> **Problem to work on**:
Skip every picture and copy only the lines from the one containing "Photographer Sweatshirt (Front)" to the final line of the records below.

> **Supplied records**:
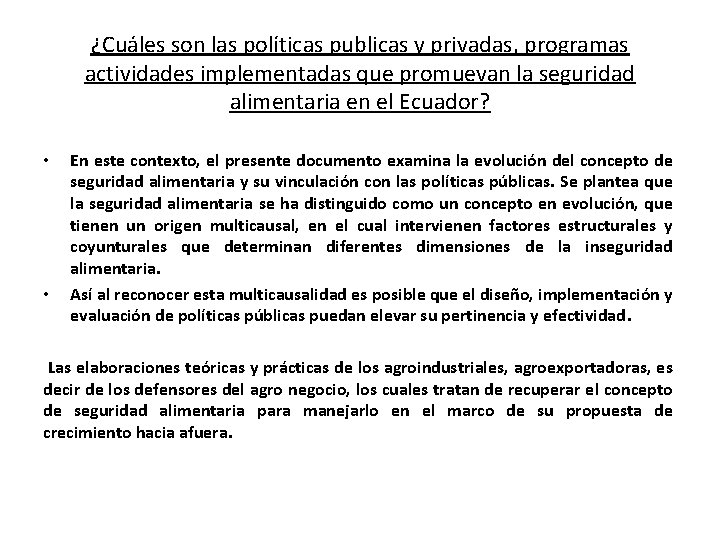 ¿Cuáles son las políticas publicas y privadas, programas actividades implementadas que promuevan la seguridad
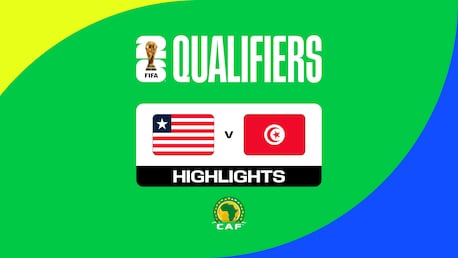 Liberia - Tunisie | Qualifications CAF pour le Mondial 2026™ | Résumé vidéo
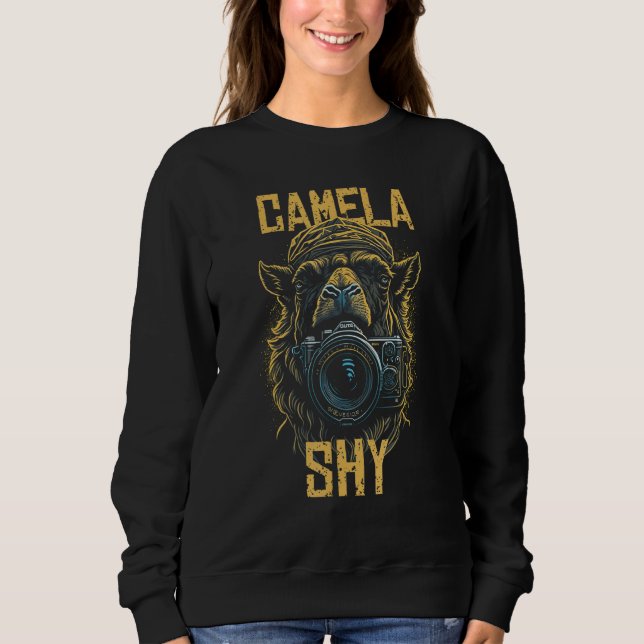 Camela Shy  Camel with Camera  Photographer Sweatshirt (Front)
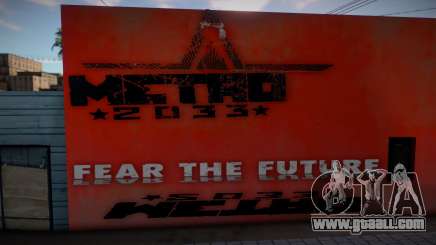 Metro 2033 Fear The Future Mural for GTA San Andreas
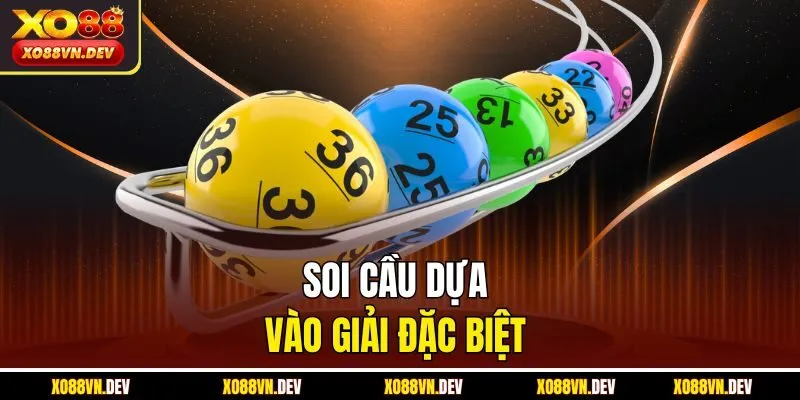soi-cau-dua-vao-giai-dac-biet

> **The completed task**:
 Camela Shy  Camel with Camera  Photographer Sweatshirt (Front)
 Metro 2033 Fear The Future Mural for GTA San Andreas
soi-cau-dua-vao-giai-dac-biet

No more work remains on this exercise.